What kinds of profits should a restaurant expect to turn, based on its ambiance?

Generally, the more high-end the restaurant is, the lower its profit-to-operation cost ratio. A high-end restaurant has expenses that a basic, family-oriented restaurant does not. For example, most high-end restaurants use cloth table covers and napkins―these must be laundered, and cost more to purchase, replace, and clean than disposable napkins and bare table tops.

As a result of these added overheads, and the higher wages that they are expected to pay employees, high-end restaurants earn, on average, a profit margin of just 8%. In comparison, a family restaurant, with more basic menu options, lower employee wages, and less-expensive amenities can expect to have a profit ratio nearing 35%. Restaurants that serve alcohol earn a far larger profit margin than those that do not, simply because there is such a high markup on alcohol products.

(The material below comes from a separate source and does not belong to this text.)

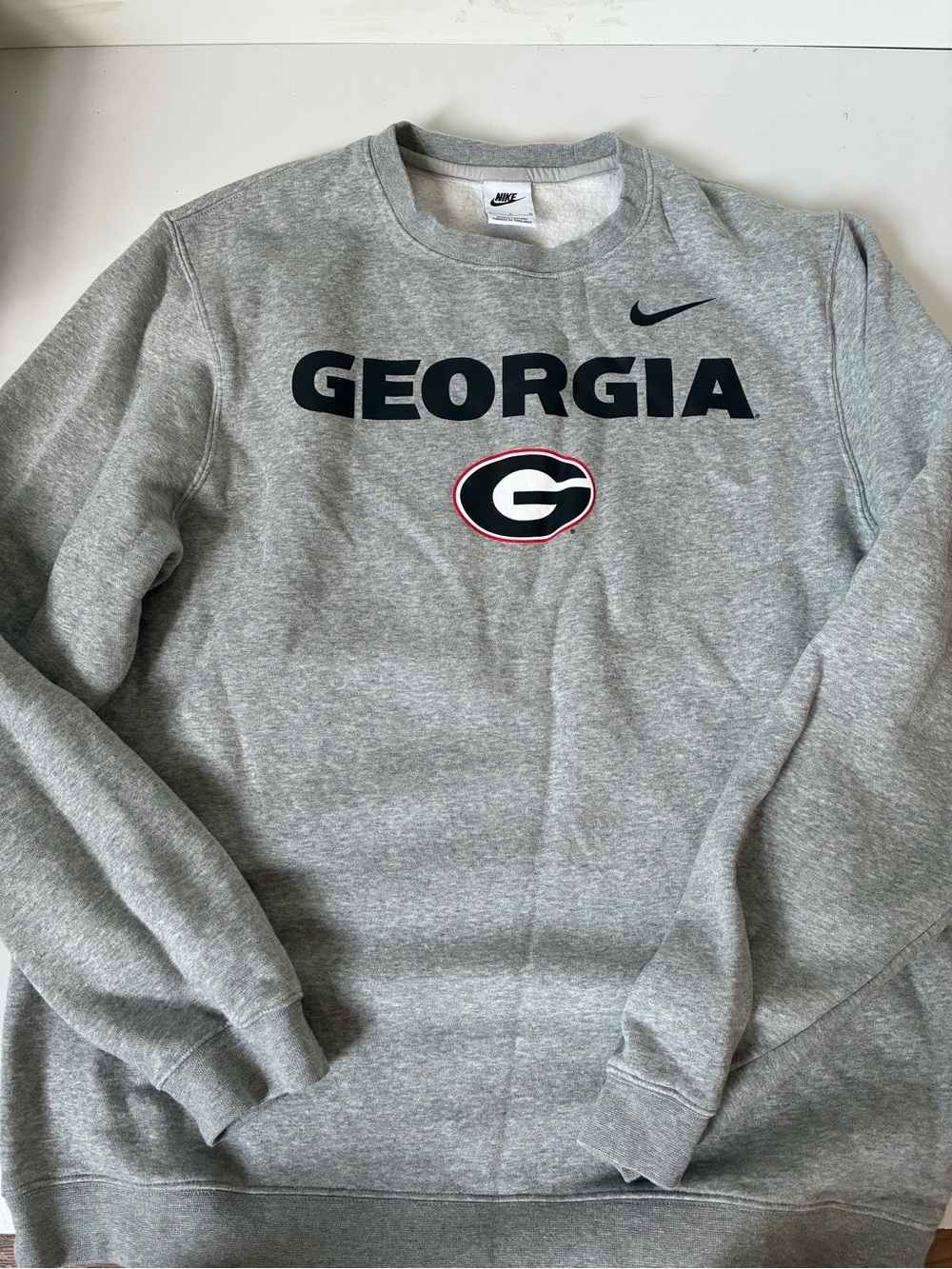 Nike Gray Georgia Crewneck with Black and Red Logo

Finally, the percentage of profit a restaurant should expect to earn should, at least in part, depend on how long it has been in business. A restaurant in its first year of business will likely earn a profit of 0%. Restaurant owners in their first year should make it a goal to hit the breakeven point, and then set attainable profit goals quarterly until the restaurant is well established.

What products do restaurants earn the most on?

Restaurants do not earn the same profit ratio on every item they sell. Generally, a restaurant’s total profit ratio depends on what they serve, and what the markups are on their most popular products.

All restaurants earn the highest profit margins on their beverages. When a consumer orders water rather than a flavored beverage, they cut into their meal’s profit margin considerably.

Typically, a cup of soda costs 20 cents per serving, while tea and coffee cost five to seven cents per serving. The markup ranges from 300% to 600%, and carries the lowest cost. This is why restaurants can offer bottomless refills on most beverages, without concern for their bottom line.

Alcohols have a similar markup. Wine has a relatively low price per glass, which is marked up between 200% and 600% depending on the type of restaurant and the wine label. Beer costs between 60 and 70 cents per serving, and carries an average cost, by the glass, of $4.00. This earns a markup of roughly 500% to 600%.

What is the typical markup needed to turn a profit on food?

Typically, a restaurant needs the cost of a meal to total no more than 31% to 34% of the sale price in order to turn a profit. This means that the restaurant owner, or manager, should calculate the cost of creating a meal and multiply that times three in order to have the final sale price.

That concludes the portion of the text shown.